» **WHAT YOU NEED TO DO**: With the pictures omitted, print exactly the lines below, from the one containing "rừng- Ảnh 2." through the one containing "Improved rapeseed plants FS25", and nothing else.

» **RECORD SET**:
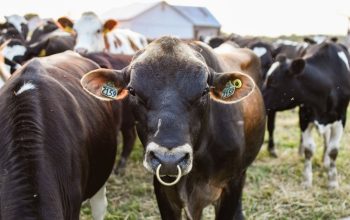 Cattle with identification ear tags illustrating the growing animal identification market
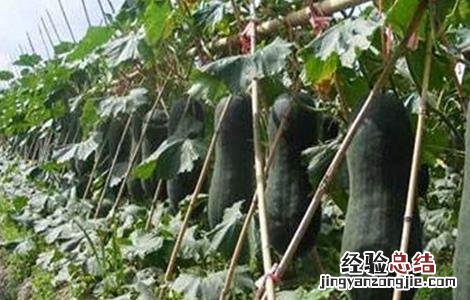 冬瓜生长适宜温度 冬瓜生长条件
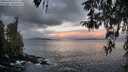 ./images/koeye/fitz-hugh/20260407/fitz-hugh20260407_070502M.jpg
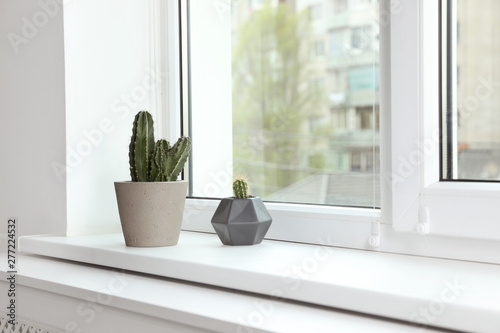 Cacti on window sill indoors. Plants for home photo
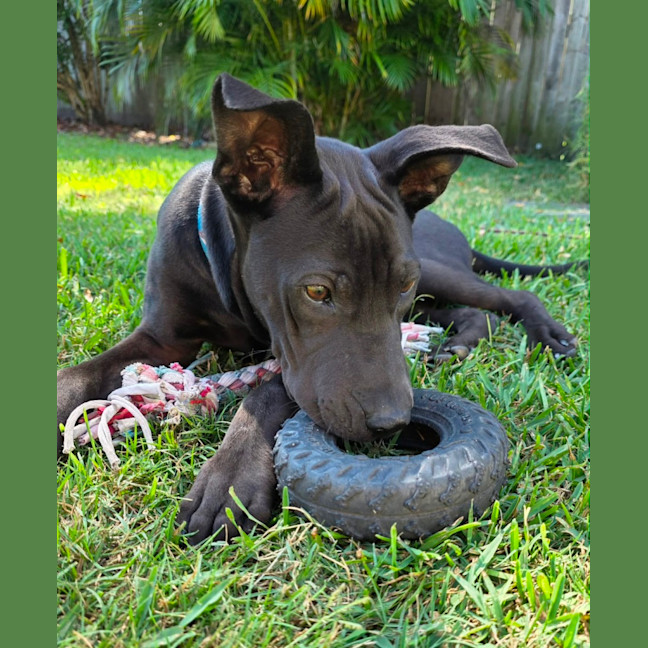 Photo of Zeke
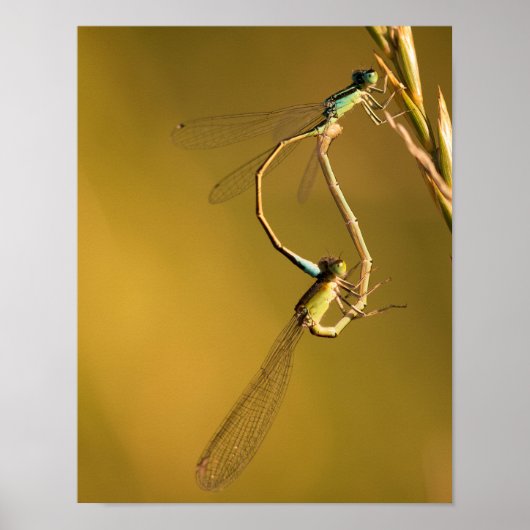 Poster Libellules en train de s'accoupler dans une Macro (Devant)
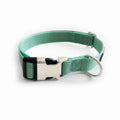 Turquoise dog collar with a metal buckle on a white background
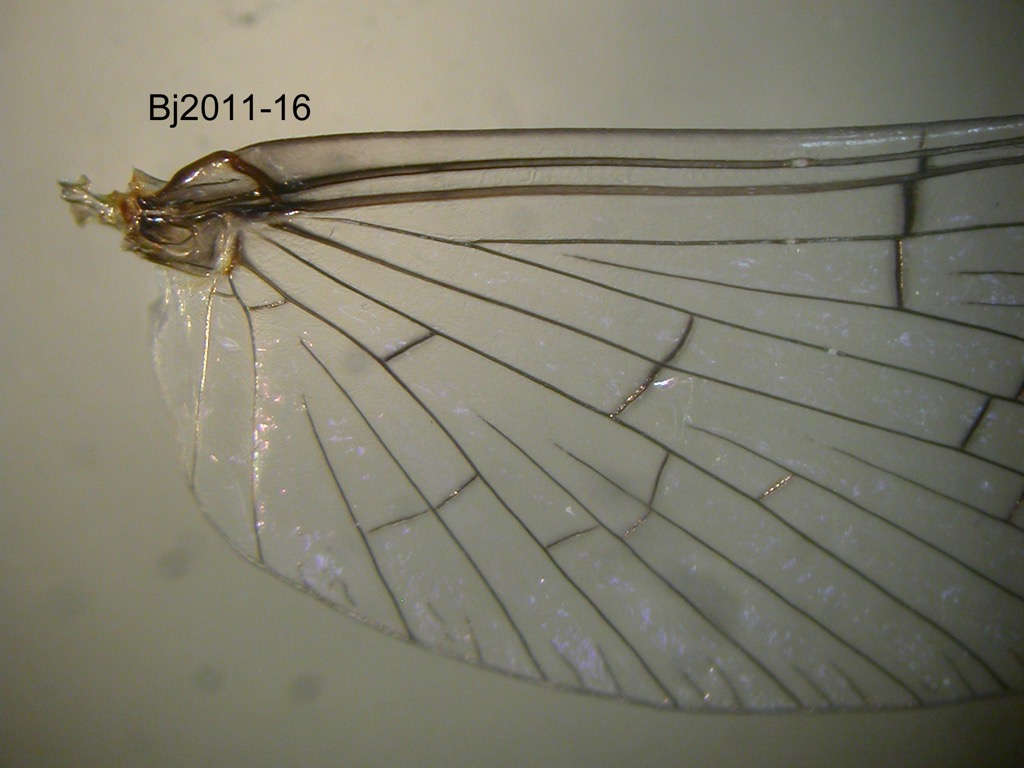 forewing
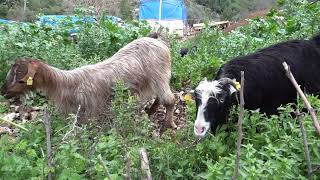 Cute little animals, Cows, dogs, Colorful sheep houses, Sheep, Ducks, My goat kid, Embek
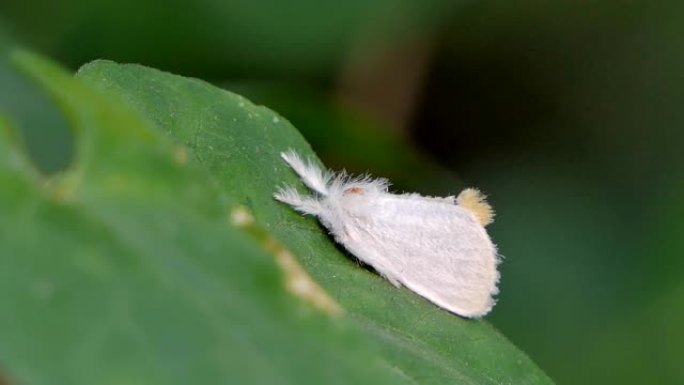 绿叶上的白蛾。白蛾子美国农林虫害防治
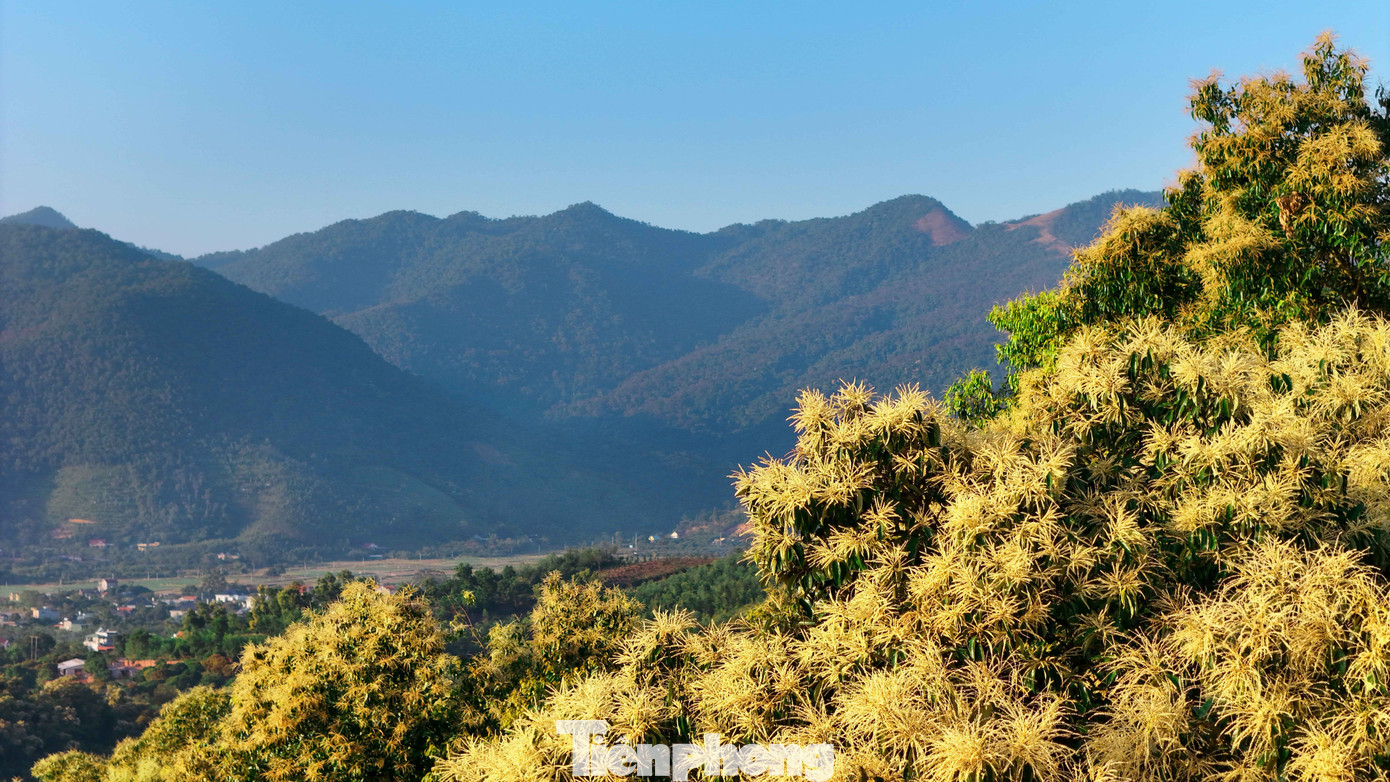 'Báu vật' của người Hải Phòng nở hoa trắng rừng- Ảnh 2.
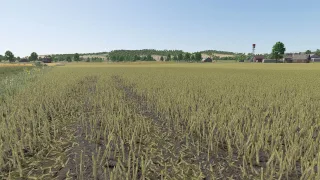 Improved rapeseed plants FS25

--

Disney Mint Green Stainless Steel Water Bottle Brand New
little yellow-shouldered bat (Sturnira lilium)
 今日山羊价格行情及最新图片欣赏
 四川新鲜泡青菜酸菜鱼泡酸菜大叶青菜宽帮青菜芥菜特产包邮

» **COMPLETED EXERCISE**:
 'Báu vật' của người Hải Phòng nở hoa trắng rừng- Ảnh 2.
 Improved rapeseed plants FS25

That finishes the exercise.